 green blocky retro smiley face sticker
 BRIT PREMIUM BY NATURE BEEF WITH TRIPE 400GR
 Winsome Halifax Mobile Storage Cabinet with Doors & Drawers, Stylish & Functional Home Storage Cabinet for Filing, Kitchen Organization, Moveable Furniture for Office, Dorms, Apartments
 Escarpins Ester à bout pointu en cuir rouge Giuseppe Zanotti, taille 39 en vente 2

...

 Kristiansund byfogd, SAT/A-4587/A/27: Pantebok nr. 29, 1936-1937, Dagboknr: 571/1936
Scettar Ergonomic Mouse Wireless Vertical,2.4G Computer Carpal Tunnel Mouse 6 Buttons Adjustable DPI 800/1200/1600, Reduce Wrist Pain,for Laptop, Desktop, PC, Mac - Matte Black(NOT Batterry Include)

* * *

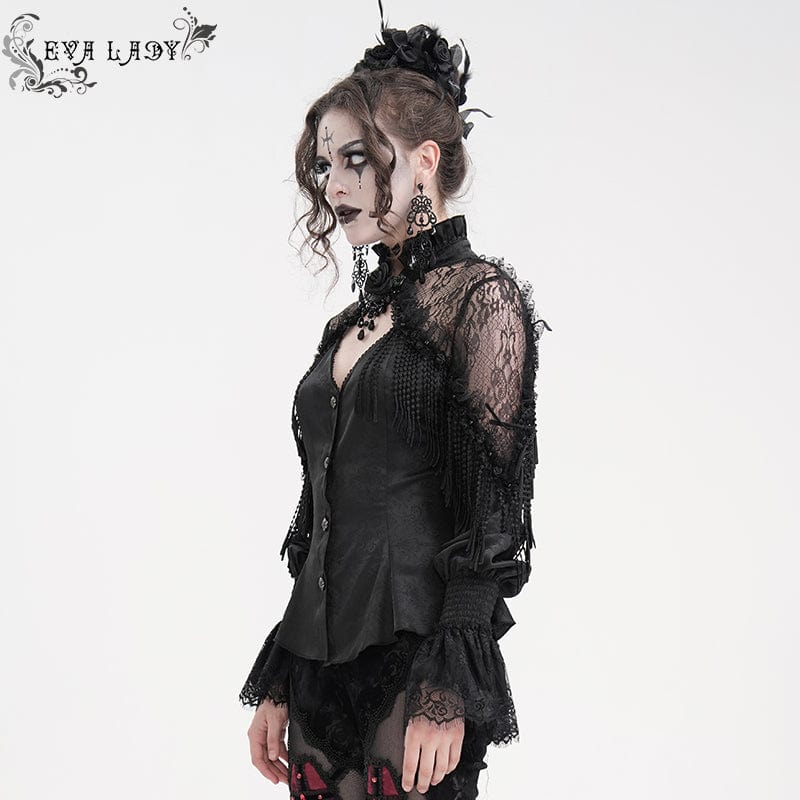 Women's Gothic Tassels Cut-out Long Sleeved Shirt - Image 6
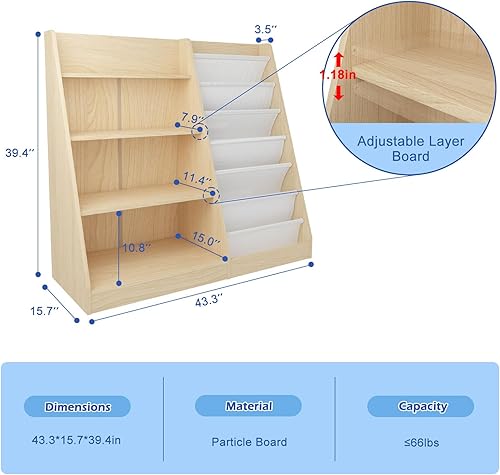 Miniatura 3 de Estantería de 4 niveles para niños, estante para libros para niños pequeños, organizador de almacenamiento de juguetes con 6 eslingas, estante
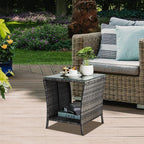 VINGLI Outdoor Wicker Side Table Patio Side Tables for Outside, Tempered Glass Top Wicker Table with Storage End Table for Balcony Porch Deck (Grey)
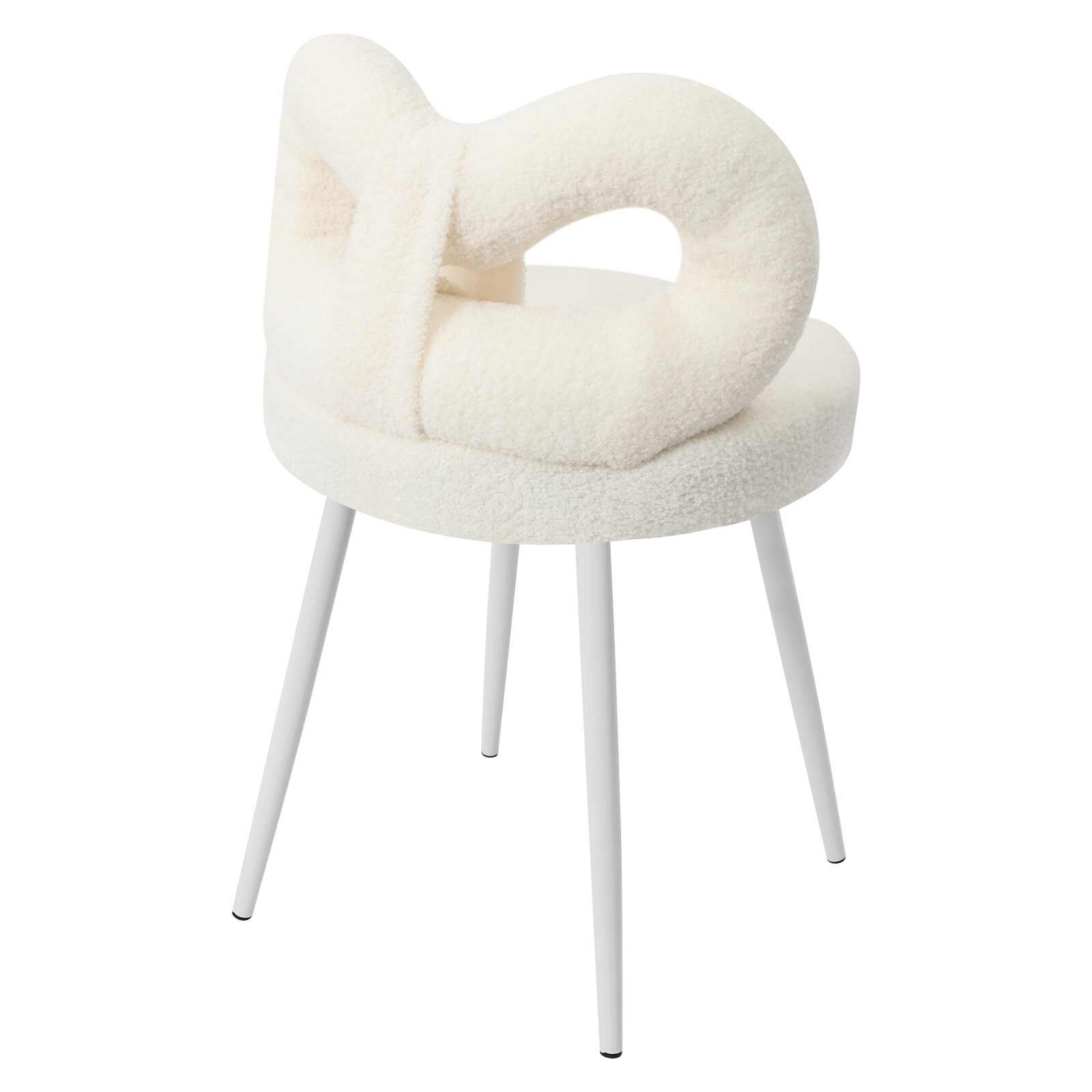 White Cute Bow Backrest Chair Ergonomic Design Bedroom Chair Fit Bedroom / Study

• Task statement: Only the lines starting at the one with "Women's Gothic Tassels" and ending at the one with "White Cute Bow" should be printed, each exactly as it appears in the material above; the pictures are to be omitted.

• Solved exercise:
 Women's Gothic Tassels Cut-out Long Sleeved Shirt - Image 6
 Miniatura 3 de Estantería de 4 niveles para niños, estante para libros para niños pequeños, organizador de almacenamiento de juguetes con 6 eslingas, estante
 VINGLI Outdoor Wicker Side Table Patio Side Tables for Outside, Tempered Glass Top Wicker Table with Storage End Table for Balcony Porch Deck (Grey)
 White Cute Bow Backrest Chair Ergonomic Design Bedroom Chair Fit Bedroom / Study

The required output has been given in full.